(Given information begins)
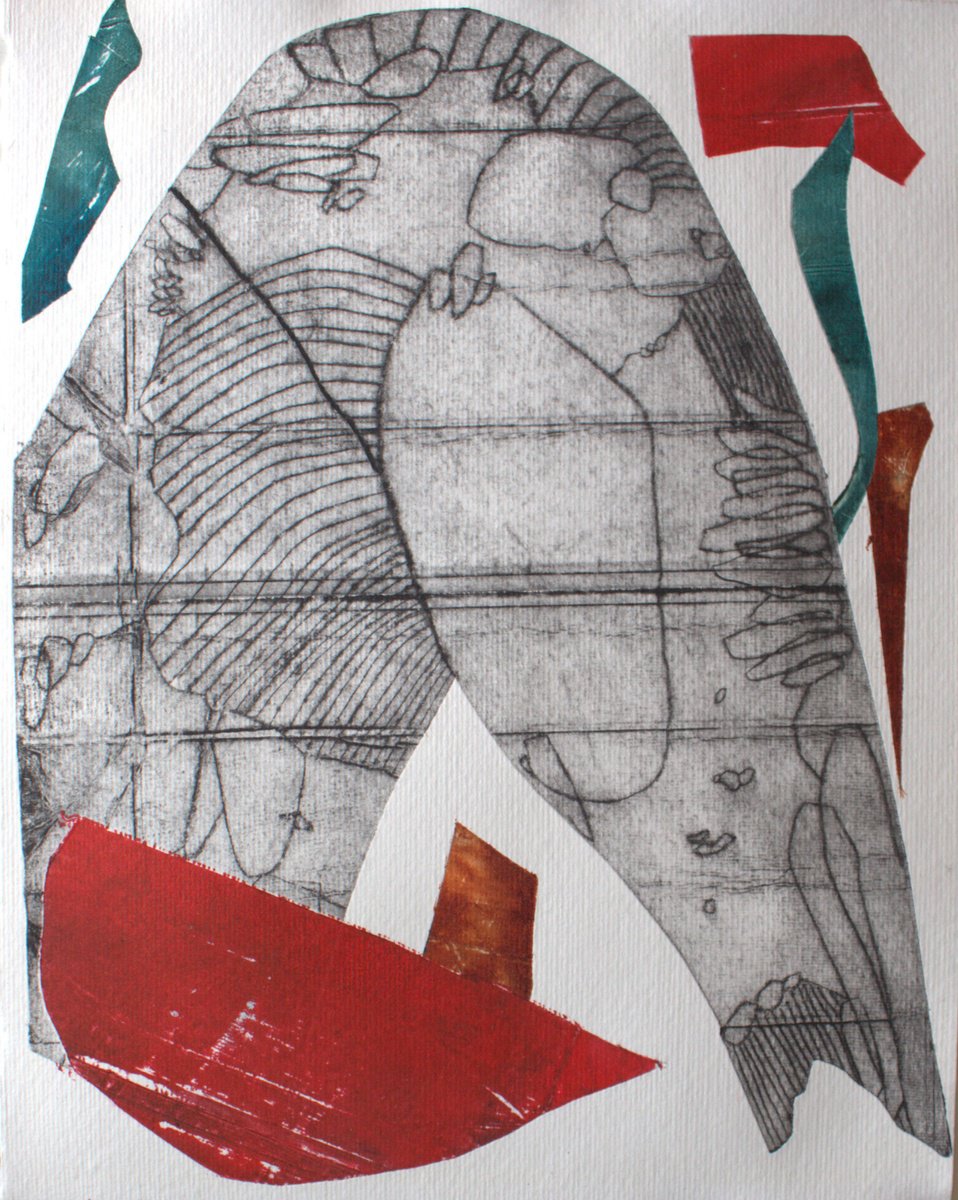 Abstract Limited Edition Print , T.e.p. 6.0 By Isabellangela Germinario, 13 X 17, Artwork For Sale On Artfinder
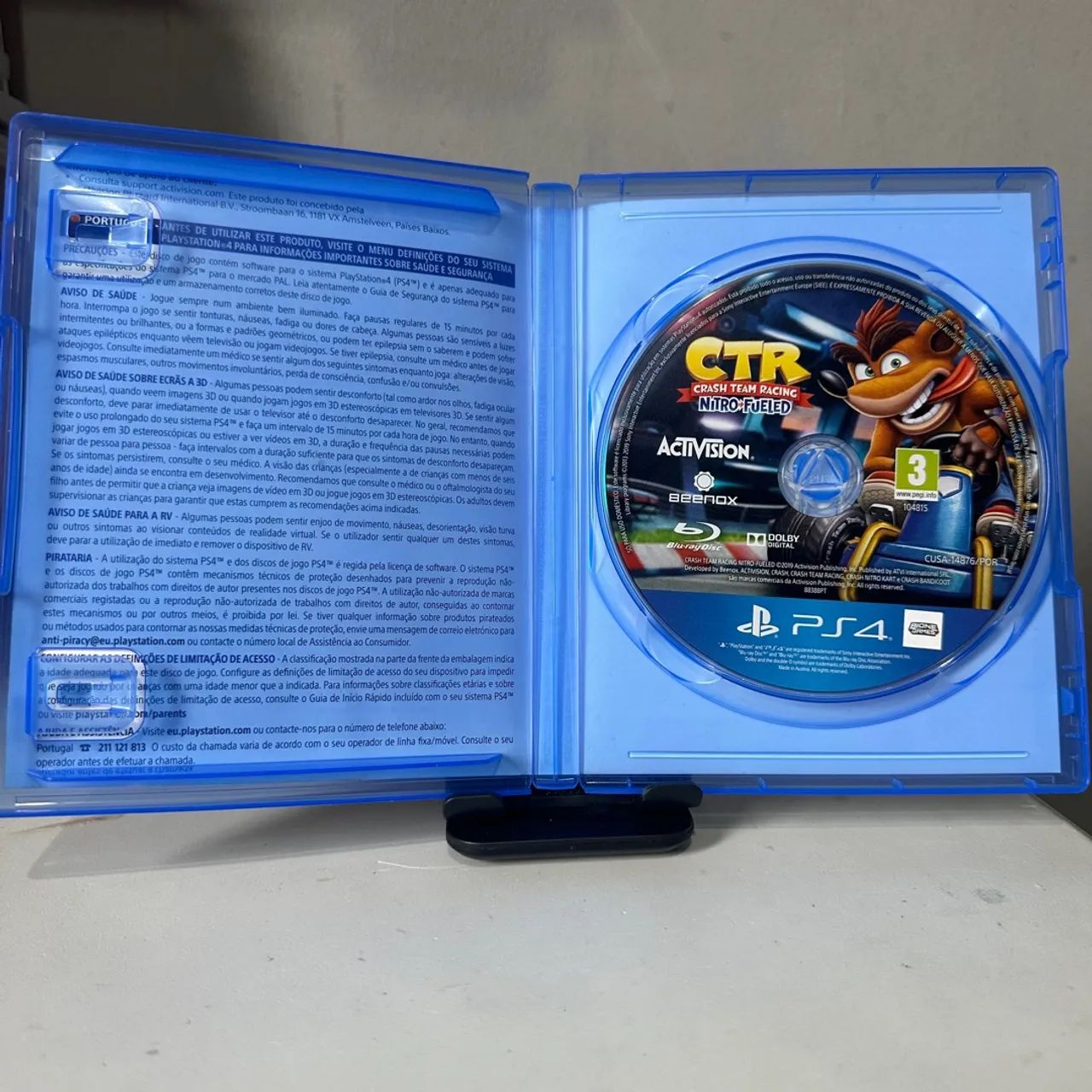 CTR Crash Team Racing Nitro Fuelled PS4 Usado - Foto 2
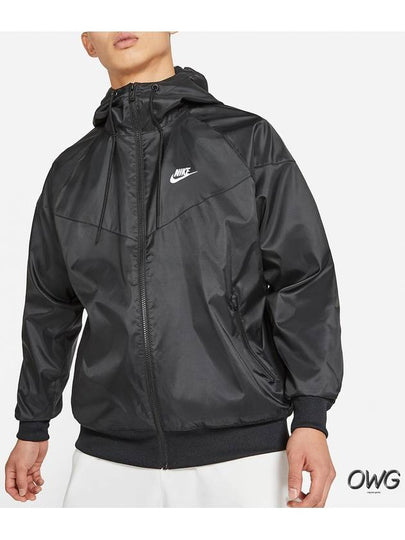 Men's Sportswear Windrunner Woven Windbreaker Black - NIKE - BALAAN 2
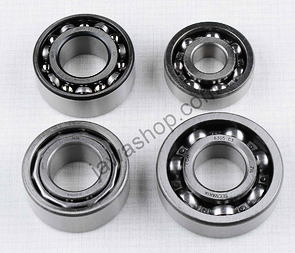 Ball bearing of engine set - 4pcs (Jawa 350 638 639 640) /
(Given information ends)
> [What is expected]
Only the pictures are to be left out; all other material is to be output exactly.

> [Task response]
 Abstract Limited Edition Print , T.e.p. 6.0 By Isabellangela Germinario, 13 X 17, Artwork For Sale On Artfinder
 CTR Crash Team Racing Nitro Fuelled PS4 Usado - Foto 2
 Men's Sportswear Windrunner Woven Windbreaker Black - NIKE - BALAAN 2
 Ball bearing of engine set - 4pcs (Jawa 350 638 639 640) /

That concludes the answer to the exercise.